*** Opening of Supplied data ***
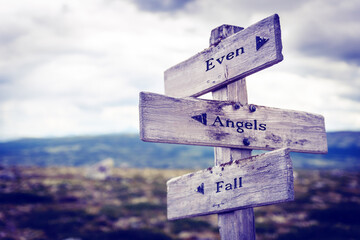 even angels fall text quote written in wooden signpost outdoors in nature. Moody theme feeling.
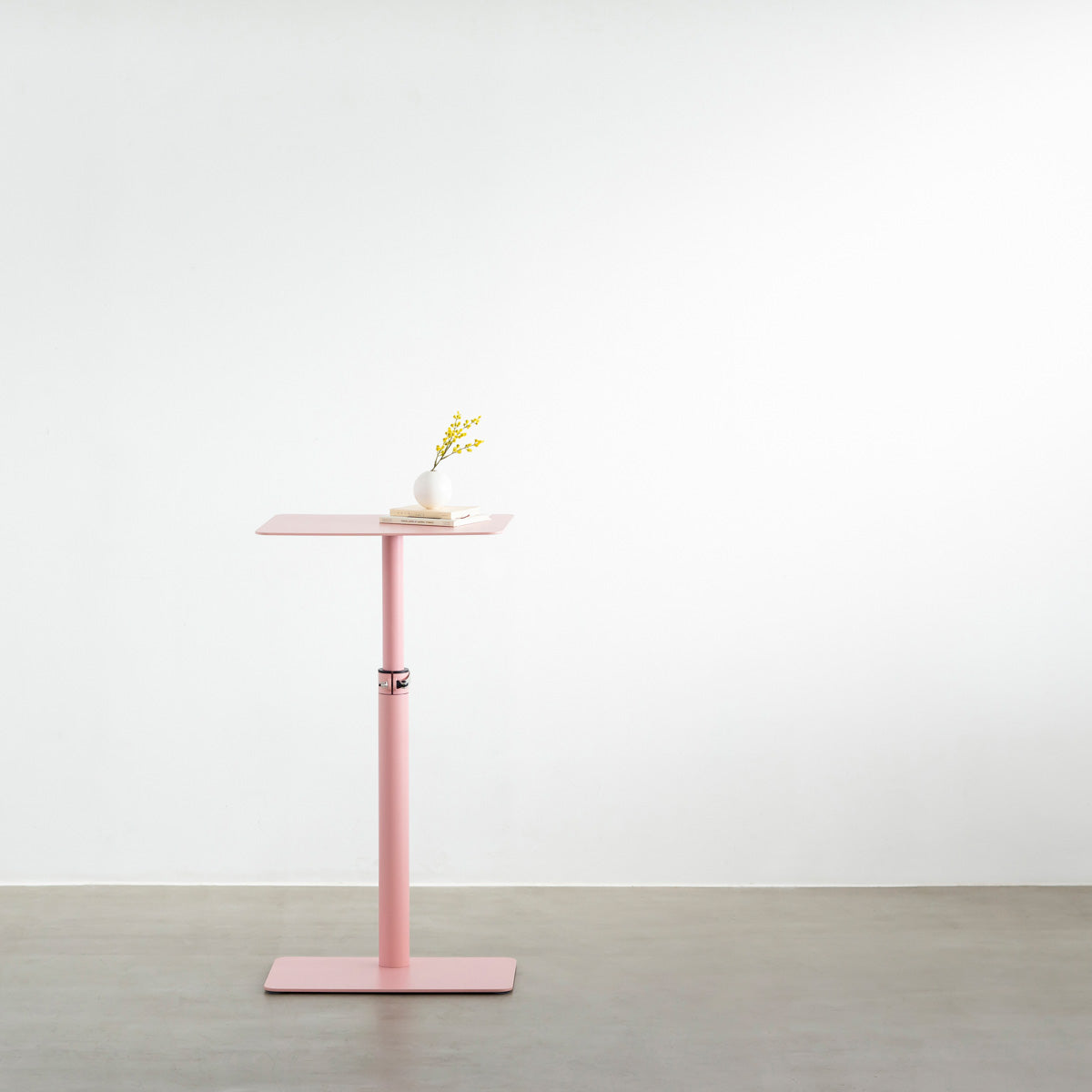 自由に高さを変えられる、シンプルでミニマルなライトピンク昇降サイドテーブルの使用例1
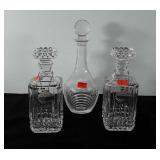 Three glass decanters, 10" and 13"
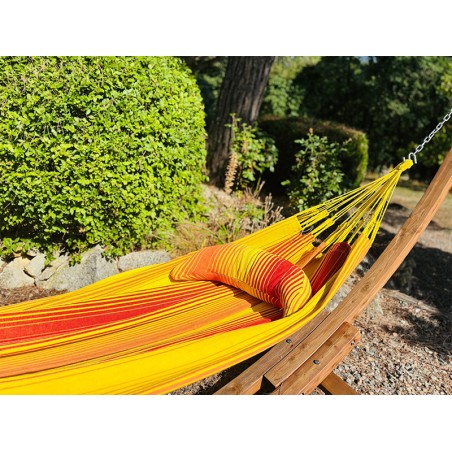 Coussin sur un hamac en tissu à rayures rouges et jaunes est suspendu dans un jardin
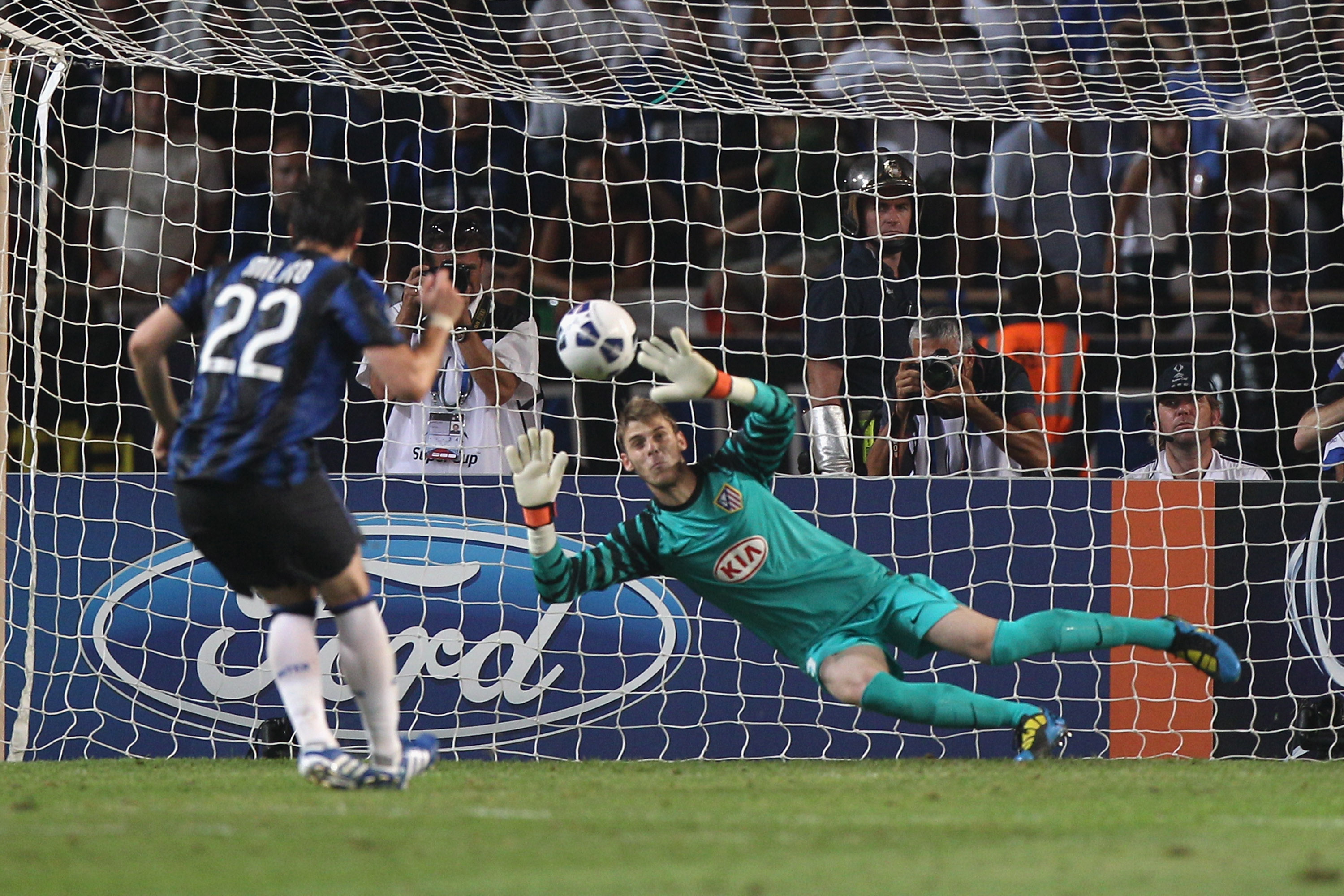 MONACO - AUGUST 27:  David de Gea of Atletico saves a penalty from Diego Milito of Inter during the UEFA Super Cup match between Inter Milan and Atletico Madrid at Louis II Stadium on August 27, 2010 in Monaco, Monaco.  (Photo by Michael Steele/Getty Imag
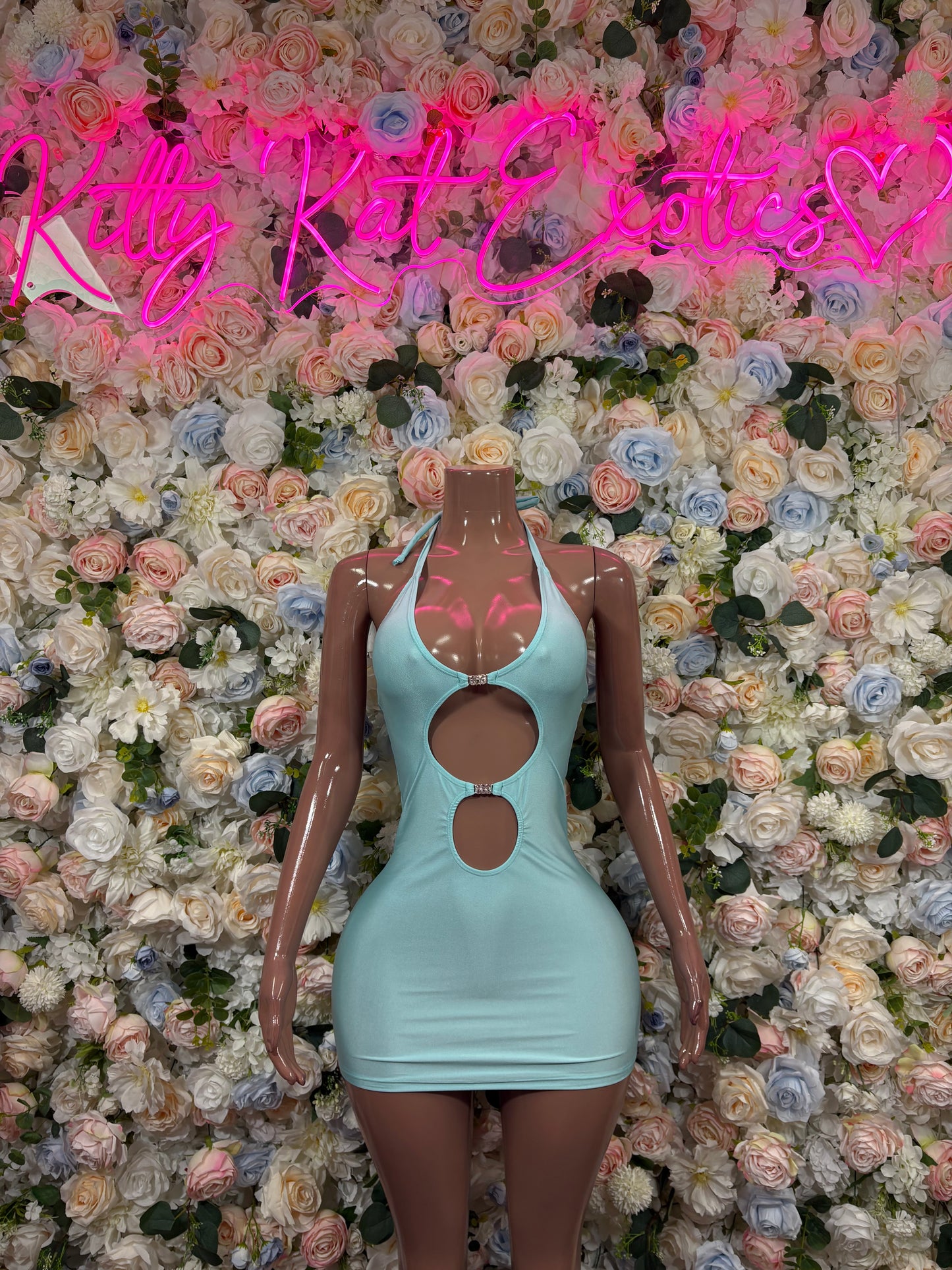 Teal halter dance dress with keyhole cutout at bust and oval cutout at waist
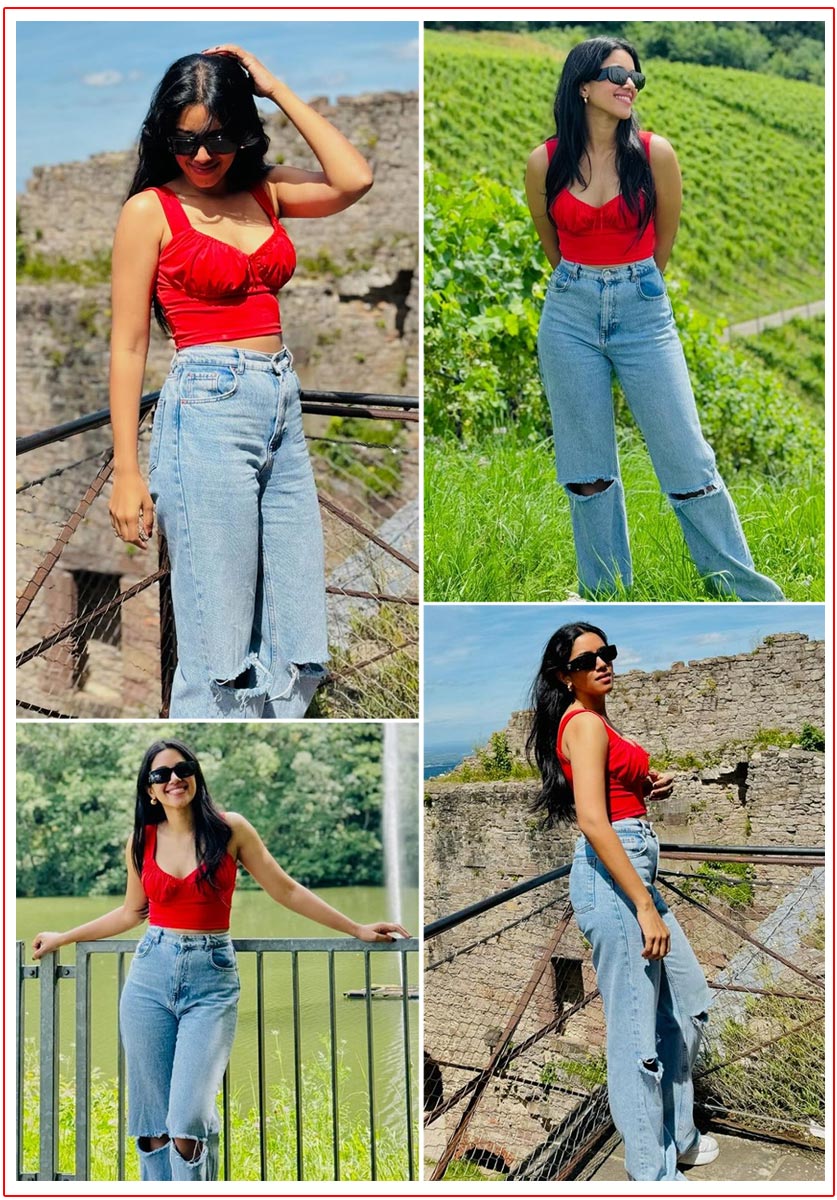 Mirnalini Ravi  Dressed in a vibrant red crop top paired with distressed blue jeans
*** Close of Supplied data ***
▸ Exercise details
Reproduce the entries above exactly, though not their pictures.

▸ Response to the exercise
 even angels fall text quote written in wooden signpost outdoors in nature. Moody theme feeling.
 自由に高さを変えられる、シンプルでミニマルなライトピンク昇降サイドテーブルの使用例1
 Three glass decanters, 10" and 13"
 Coussin sur un hamac en tissu à rayures rouges et jaunes est suspendu dans un jardin
 MONACO - AUGUST 27:  David de Gea of Atletico saves a penalty from Diego Milito of Inter during the UEFA Super Cup match between Inter Milan and Atletico Madrid at Louis II Stadium on August 27, 2010 in Monaco, Monaco.  (Photo by Michael Steele/Getty Imag
 Teal halter dance dress with keyhole cutout at bust and oval cutout at waist
 Mirnalini Ravi  Dressed in a vibrant red crop top paired with distressed blue jeans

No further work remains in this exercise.